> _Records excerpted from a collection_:
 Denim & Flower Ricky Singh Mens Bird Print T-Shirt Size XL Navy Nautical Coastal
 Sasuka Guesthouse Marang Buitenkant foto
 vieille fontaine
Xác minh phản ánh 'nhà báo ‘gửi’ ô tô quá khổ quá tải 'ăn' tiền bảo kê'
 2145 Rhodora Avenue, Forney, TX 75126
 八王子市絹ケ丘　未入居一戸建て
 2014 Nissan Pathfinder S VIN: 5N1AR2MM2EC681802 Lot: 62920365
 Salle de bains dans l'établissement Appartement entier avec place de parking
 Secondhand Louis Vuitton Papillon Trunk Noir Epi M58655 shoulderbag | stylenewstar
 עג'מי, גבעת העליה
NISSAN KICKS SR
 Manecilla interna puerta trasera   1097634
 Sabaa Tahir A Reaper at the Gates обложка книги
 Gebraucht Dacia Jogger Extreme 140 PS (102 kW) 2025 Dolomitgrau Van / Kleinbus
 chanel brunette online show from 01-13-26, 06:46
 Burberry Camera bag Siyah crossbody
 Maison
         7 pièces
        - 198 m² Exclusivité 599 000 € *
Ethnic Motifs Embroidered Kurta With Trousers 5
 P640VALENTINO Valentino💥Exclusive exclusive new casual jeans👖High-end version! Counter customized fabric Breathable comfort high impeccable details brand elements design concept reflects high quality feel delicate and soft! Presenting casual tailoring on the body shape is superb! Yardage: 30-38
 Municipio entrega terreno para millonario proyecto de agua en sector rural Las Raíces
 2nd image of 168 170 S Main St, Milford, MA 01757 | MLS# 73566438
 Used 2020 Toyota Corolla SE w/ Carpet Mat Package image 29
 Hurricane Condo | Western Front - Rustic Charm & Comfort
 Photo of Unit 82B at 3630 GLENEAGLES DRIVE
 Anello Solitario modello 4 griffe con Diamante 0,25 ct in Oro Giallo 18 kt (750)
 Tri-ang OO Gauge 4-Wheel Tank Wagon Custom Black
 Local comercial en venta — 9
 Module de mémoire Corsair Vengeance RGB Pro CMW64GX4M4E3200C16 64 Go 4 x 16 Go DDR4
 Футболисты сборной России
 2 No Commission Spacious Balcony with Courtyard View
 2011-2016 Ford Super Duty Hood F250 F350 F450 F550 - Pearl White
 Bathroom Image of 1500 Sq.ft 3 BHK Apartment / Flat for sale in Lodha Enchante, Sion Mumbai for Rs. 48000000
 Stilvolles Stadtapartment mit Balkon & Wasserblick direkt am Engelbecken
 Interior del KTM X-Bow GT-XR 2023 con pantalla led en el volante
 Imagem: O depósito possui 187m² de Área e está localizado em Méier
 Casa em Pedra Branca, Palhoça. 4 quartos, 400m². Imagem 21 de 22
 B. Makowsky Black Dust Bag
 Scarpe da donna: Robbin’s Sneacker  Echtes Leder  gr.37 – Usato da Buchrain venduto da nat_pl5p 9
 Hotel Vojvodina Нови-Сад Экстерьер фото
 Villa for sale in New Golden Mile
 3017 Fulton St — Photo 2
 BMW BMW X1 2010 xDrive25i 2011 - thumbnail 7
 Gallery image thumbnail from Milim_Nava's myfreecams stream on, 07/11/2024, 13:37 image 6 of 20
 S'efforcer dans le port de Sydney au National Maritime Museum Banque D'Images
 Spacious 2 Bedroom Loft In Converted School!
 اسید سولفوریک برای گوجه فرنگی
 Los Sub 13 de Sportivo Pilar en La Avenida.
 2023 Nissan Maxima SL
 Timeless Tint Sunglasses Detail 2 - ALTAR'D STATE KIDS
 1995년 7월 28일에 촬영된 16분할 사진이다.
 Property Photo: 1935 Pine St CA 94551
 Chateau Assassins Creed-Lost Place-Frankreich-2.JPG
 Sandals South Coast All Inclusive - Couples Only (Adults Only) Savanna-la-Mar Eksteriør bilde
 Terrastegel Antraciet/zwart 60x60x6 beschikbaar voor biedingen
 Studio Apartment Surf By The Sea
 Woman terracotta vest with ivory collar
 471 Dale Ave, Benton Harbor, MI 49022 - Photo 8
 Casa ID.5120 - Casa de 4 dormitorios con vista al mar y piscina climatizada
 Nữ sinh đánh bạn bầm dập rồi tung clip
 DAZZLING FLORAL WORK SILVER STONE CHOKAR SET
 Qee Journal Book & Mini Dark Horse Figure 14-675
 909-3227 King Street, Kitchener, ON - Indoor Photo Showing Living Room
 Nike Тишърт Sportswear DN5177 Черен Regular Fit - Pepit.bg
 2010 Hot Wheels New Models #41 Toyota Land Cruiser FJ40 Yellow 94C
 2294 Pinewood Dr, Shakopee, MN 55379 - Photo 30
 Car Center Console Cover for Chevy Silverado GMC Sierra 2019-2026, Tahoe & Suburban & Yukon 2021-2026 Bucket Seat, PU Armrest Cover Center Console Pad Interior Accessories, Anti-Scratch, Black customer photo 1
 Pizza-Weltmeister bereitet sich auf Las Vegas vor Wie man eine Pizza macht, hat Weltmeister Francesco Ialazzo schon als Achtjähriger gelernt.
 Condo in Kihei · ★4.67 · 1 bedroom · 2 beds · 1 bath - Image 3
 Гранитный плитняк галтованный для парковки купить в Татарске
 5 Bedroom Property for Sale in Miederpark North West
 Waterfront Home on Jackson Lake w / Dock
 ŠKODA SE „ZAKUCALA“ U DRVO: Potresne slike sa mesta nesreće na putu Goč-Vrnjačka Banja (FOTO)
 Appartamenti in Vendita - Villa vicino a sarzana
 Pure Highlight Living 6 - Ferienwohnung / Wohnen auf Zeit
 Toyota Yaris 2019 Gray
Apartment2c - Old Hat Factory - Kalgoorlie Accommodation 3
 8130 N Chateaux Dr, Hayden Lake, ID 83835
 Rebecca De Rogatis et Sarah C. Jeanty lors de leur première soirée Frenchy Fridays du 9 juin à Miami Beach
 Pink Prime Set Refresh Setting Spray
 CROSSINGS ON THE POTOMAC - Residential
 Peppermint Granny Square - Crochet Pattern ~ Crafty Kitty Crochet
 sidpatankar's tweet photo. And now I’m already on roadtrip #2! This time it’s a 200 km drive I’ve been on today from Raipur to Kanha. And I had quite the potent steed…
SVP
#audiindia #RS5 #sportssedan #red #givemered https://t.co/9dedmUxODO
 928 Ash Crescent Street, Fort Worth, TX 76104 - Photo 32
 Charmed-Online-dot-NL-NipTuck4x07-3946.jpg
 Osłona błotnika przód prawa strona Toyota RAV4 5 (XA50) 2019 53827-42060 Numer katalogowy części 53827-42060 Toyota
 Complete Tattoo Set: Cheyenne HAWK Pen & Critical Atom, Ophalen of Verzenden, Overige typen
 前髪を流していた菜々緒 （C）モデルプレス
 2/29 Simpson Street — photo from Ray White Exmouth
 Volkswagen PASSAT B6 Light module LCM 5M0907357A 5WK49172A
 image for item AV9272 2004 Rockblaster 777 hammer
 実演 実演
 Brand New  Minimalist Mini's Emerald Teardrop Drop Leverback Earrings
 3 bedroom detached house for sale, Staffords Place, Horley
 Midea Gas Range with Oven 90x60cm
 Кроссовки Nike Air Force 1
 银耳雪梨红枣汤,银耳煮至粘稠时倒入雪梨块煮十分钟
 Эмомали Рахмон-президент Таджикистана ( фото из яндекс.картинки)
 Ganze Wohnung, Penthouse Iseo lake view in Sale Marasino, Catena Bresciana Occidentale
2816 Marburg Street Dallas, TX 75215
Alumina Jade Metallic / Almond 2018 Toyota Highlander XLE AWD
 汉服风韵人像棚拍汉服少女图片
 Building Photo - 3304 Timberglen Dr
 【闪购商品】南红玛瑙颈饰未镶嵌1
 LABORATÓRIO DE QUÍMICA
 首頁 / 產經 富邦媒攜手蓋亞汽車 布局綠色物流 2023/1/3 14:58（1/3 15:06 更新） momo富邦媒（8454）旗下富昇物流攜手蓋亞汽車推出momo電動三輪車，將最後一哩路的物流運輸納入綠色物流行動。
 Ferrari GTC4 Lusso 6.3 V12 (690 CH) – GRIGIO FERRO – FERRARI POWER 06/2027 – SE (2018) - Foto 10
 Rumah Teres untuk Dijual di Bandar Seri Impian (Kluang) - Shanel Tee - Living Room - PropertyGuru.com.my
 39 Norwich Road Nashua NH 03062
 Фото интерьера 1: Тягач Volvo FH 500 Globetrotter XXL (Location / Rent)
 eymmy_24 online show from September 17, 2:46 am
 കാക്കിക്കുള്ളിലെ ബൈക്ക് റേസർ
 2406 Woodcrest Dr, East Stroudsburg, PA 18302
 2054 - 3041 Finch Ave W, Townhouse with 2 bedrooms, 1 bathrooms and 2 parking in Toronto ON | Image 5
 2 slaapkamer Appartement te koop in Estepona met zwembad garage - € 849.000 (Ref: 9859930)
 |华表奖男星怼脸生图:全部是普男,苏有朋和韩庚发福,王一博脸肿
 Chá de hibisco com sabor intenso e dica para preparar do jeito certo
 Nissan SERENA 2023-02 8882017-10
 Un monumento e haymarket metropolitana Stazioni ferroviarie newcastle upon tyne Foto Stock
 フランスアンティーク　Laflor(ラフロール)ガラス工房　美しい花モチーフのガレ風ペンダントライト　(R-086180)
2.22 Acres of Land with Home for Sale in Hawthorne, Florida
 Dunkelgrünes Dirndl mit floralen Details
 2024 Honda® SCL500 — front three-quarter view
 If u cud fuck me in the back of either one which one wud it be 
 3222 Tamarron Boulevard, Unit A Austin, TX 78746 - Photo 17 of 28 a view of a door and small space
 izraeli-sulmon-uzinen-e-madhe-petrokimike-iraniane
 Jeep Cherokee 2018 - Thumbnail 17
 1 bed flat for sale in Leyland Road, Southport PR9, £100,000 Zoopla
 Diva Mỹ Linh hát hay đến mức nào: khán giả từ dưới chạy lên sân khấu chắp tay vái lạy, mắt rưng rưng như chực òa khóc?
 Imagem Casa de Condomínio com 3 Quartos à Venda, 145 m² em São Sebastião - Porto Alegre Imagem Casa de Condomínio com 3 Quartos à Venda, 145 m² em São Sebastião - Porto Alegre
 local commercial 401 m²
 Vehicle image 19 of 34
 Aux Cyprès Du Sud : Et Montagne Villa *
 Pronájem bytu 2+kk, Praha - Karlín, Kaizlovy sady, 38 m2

> _Requirement_: Leave out every line above except those from the line with "2294 Pinewood Dr, Shakopee, MN" up to and including the line with "2/29 Simpson Street", and copy those exactly.

> _Task answer_:
 2294 Pinewood Dr, Shakopee, MN 55379 - Photo 30
 Car Center Console Cover for Chevy Silverado GMC Sierra 2019-2026, Tahoe & Suburban & Yukon 2021-2026 Bucket Seat, PU Armrest Cover Center Console Pad Interior Accessories, Anti-Scratch, Black customer photo 1
 Pizza-Weltmeister bereitet sich auf Las Vegas vor Wie man eine Pizza macht, hat Weltmeister Francesco Ialazzo schon als Achtjähriger gelernt.
 Condo in Kihei · ★4.67 · 1 bedroom · 2 beds · 1 bath - Image 3
 Гранитный плитняк галтованный для парковки купить в Татарске
 5 Bedroom Property for Sale in Miederpark North West
 Waterfront Home on Jackson Lake w / Dock
 ŠKODA SE „ZAKUCALA“ U DRVO: Potresne slike sa mesta nesreće na putu Goč-Vrnjačka Banja (FOTO)
 Appartamenti in Vendita - Villa vicino a sarzana
 Pure Highlight Living 6 - Ferienwohnung / Wohnen auf Zeit
 Toyota Yaris 2019 Gray
Apartment2c - Old Hat Factory - Kalgoorlie Accommodation 3
 8130 N Chateaux Dr, Hayden Lake, ID 83835
 Rebecca De Rogatis et Sarah C. Jeanty lors de leur première soirée Frenchy Fridays du 9 juin à Miami Beach
 Pink Prime Set Refresh Setting Spray
 CROSSINGS ON THE POTOMAC - Residential
 Peppermint Granny Square - Crochet Pattern ~ Crafty Kitty Crochet
 sidpatankar's tweet photo. And now I’m already on roadtrip #2! This time it’s a 200 km drive I’ve been on today from Raipur to Kanha. And I had quite the potent steed…
SVP
#audiindia #RS5 #sportssedan #red #givemered https://t.co/9dedmUxODO
 928 Ash Crescent Street, Fort Worth, TX 76104 - Photo 32
 Charmed-Online-dot-NL-NipTuck4x07-3946.jpg
 Osłona błotnika przód prawa strona Toyota RAV4 5 (XA50) 2019 53827-42060 Numer katalogowy części 53827-42060 Toyota
 Complete Tattoo Set: Cheyenne HAWK Pen & Critical Atom, Ophalen of Verzenden, Overige typen
 前髪を流していた菜々緒 （C）モデルプレス
 2/29 Simpson Street — photo from Ray White Exmouth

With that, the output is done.